After flue gas was added, the increase in backpressure increases to different degrees. Moreover, the increase in back pressure increases when the proportion of flue gas increases. The principle of this phenomenon is that the flue gas has a large compression coefficient and good expansion, which can maintain the pressure within the corresponding value. It can effectively supplement the reservoir pressure and provide energy for oil and water production (Grogan and Pinczewski, 1987). Therefore, the average liquid production rate and increase in back pressure will increase. The oil production rate curve shows that the average oil production rate under different steam-flue gas ratios is 0.29, 0.34, 0.40, 0.31, 0.28 ml/min. The average oil production rate of CSS is only 0.22 ml/min. The final oil recovery factor and maximum increase in backpressure are observed for different steam-flue gas ratios in Figure 7. The final oil recovery factor is 17.2% when the CSS experiment is performed. When the flue-gas-assisted CSS is performed under different water-to-gas ratios, the final recovery rate is 22.2, 26.7, 30.8, 24.4, and 21.6%, i.e., it increases by 5.0, 9.5, 13.6, 7.2, 4.4, respectively. The addition of flue gas is shown to increase the oil recovery factor. With the increasing proportion of flue gas, the expansion of the flue gas dissolved in the crude oil and low thermal conductivity of the flue gas can increase the heatwave range of the steam. The addition of flue gas effectively reduces the oil-water interfacial tension and improves the microscopic oil washing efficiency during a steam injection (Renner, 1988; Riazi, 1996).

FIGURE 7

FIGURE 7. Changes in final oil recovery factor and maximum back pressure increase under different steam-flue gas ratios.
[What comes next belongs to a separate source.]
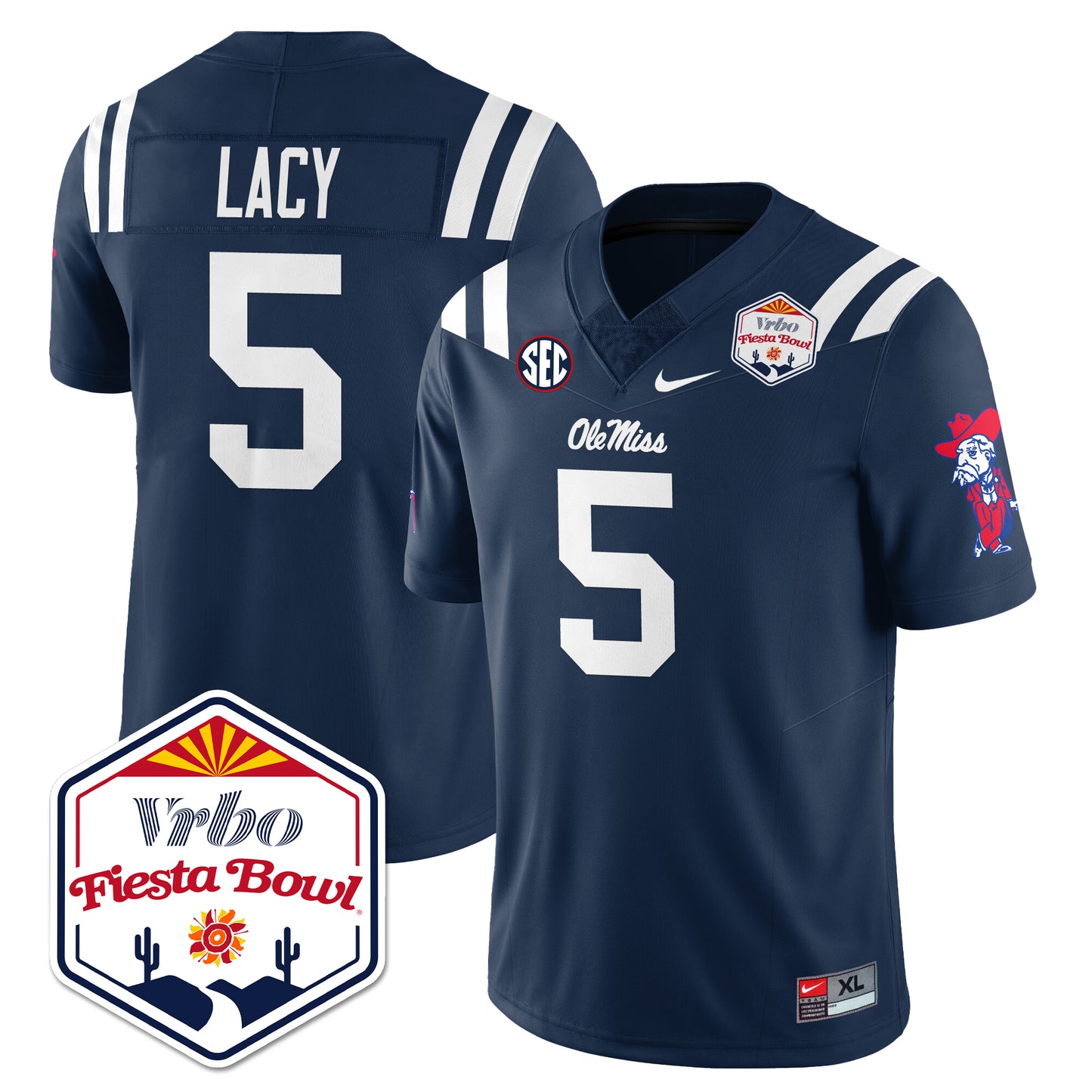 Ole Miss Football Vapor Limited Jersey - Vrbo Fiesta Bowl - All Stitched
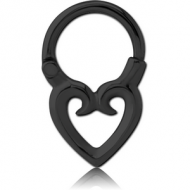 BLACK PVD COATED SURGICAL STEEL HINGED SEGMENT CLICKER HEART PIERCING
Figure 7 shows that the final oil recovery factor increases with the increase in proportion of flue gas in the injection mixture. When the steam-flue gas ratio is 1:10, both quantities reach the maximum value. Afterward, the final oil recovery factor begins to decrease with the increase in flue gas ratio. In other words, a steam-flue gas ratio of 1:10 is most suitable for flue-gas-assisted CSS under the formation conditions.

Thus, there is a threshold amount of effective flue gas injection for the development of flue-gas-assisted CSS, i.e., it is best exploited when the injected steam-flue gas ratio is approximately 1:10.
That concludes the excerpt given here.